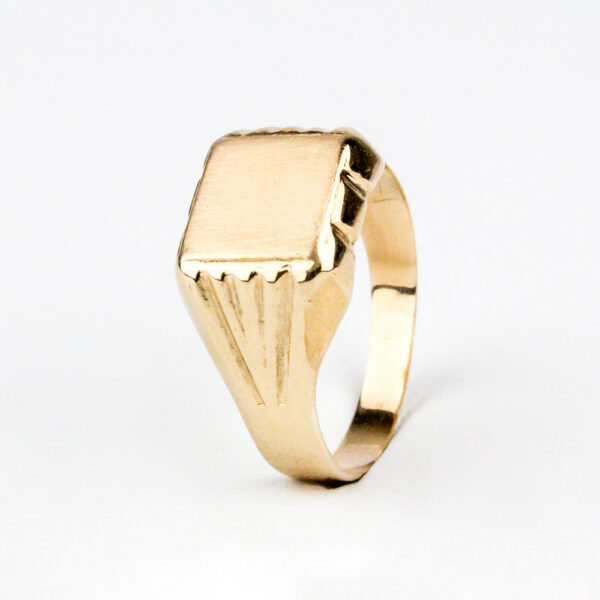 Anillo sello cuadrado oro 18k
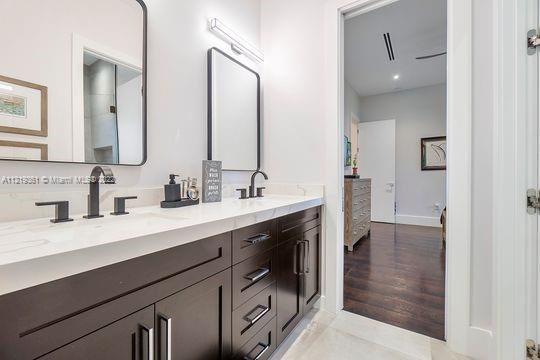 PHILARTHRIA - Residential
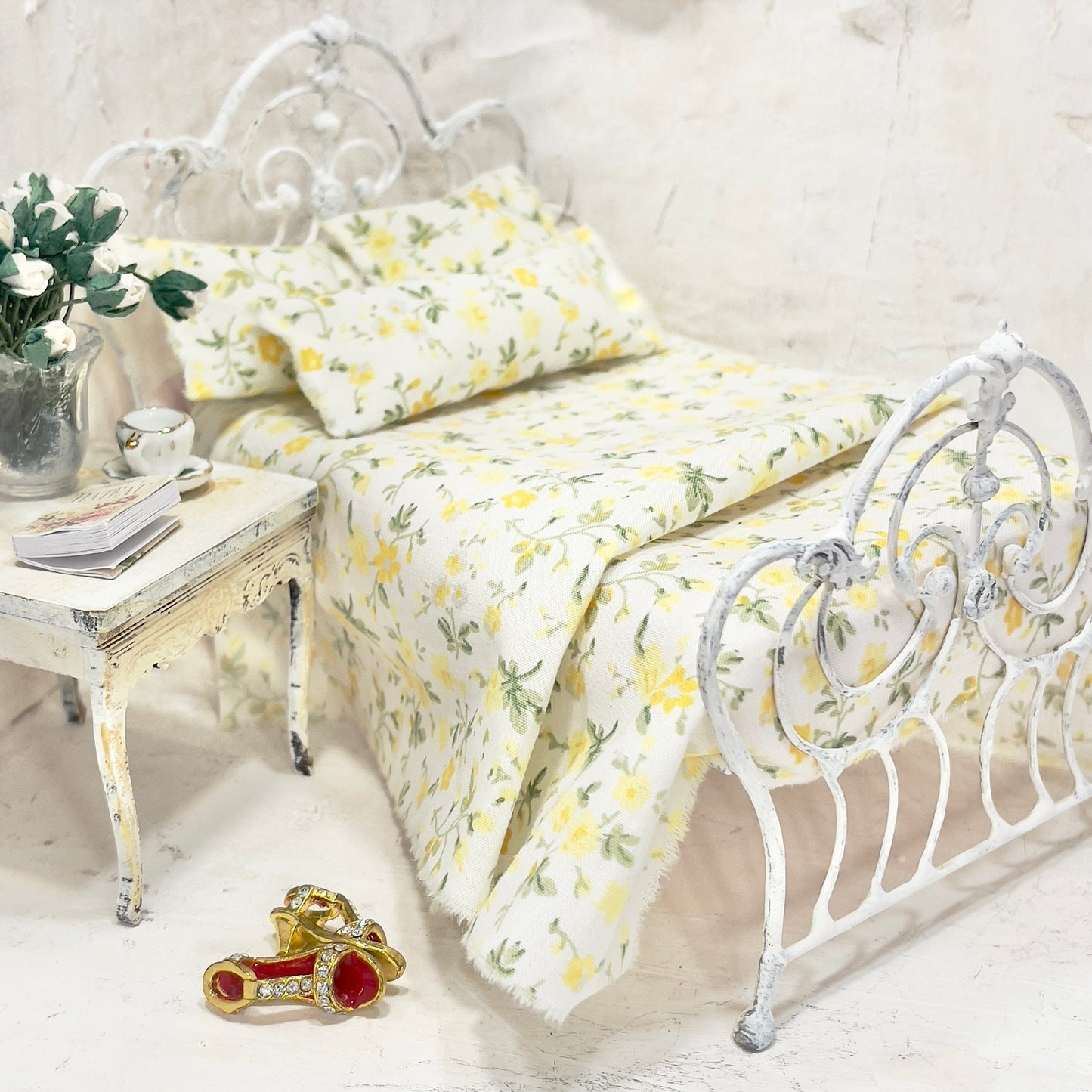Chantallena Doll House Bedding DOUBLE (9 inch by 9 inch) Simply Lena | Five Piece Yellow and Green Floral Cotton Bedding Set |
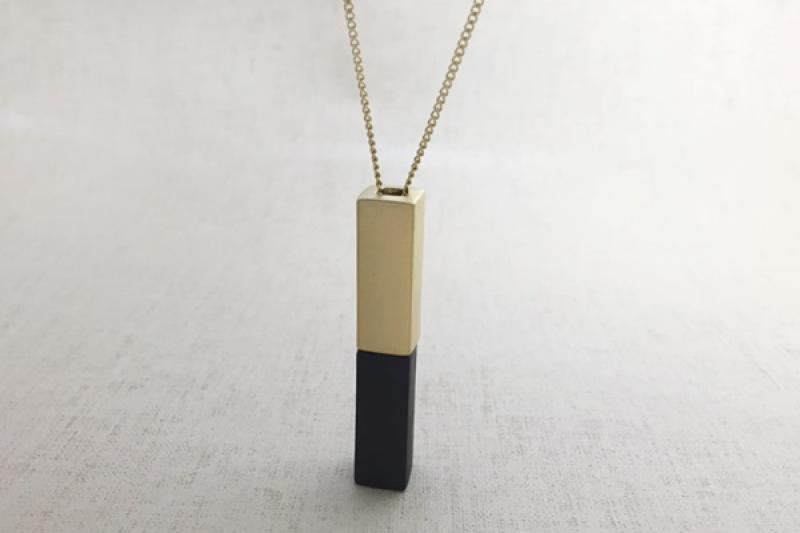 [Ozel] Romantic-mood glossy brass and zinc alloy necklace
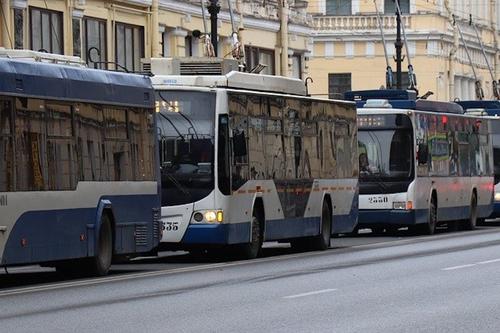 В Херсоне возобновляют работу общественный транспорт, банки и предприятия общепита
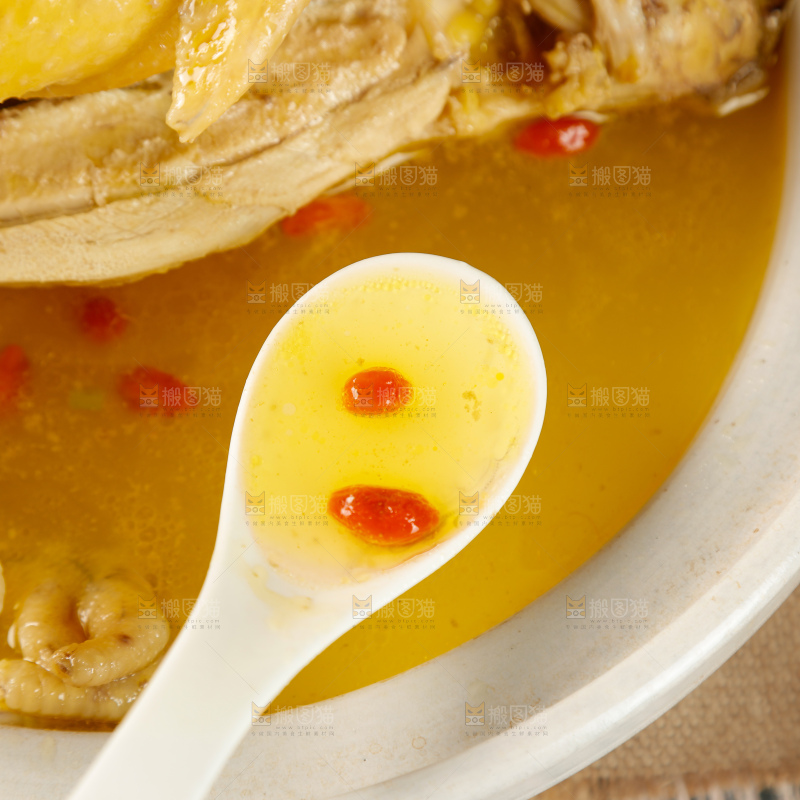 深底上的鸡汤
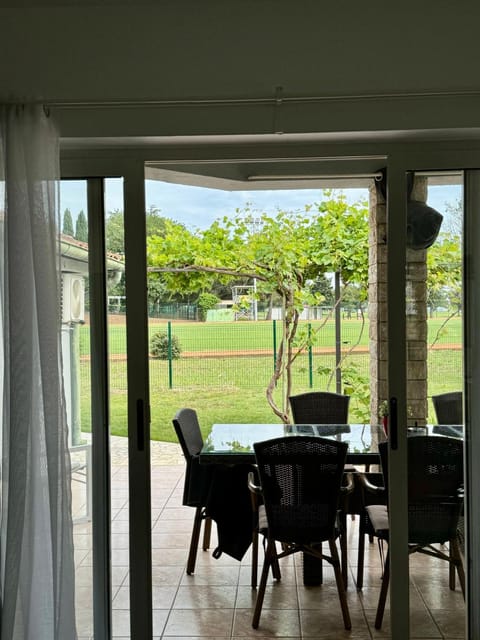 Enna Apartment A Meerblick perfect location Apartment in Premantura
# # #
DIRECTIONS FOR THIS TASK: Nothing but the lines from the one containing "PHILARTHRIA - Residential" through the last line of the data should appear in the answer, copied exactly, with pictures excluded.

REPLY TO THE TASK:
 PHILARTHRIA - Residential
Chantallena Doll House Bedding DOUBLE (9 inch by 9 inch) Simply Lena | Five Piece Yellow and Green Floral Cotton Bedding Set |
 [Ozel] Romantic-mood glossy brass and zinc alloy necklace
 В Херсоне возобновляют работу общественный транспорт, банки и предприятия общепита
 深底上的鸡汤
 Enna Apartment A Meerblick perfect location Apartment in Premantura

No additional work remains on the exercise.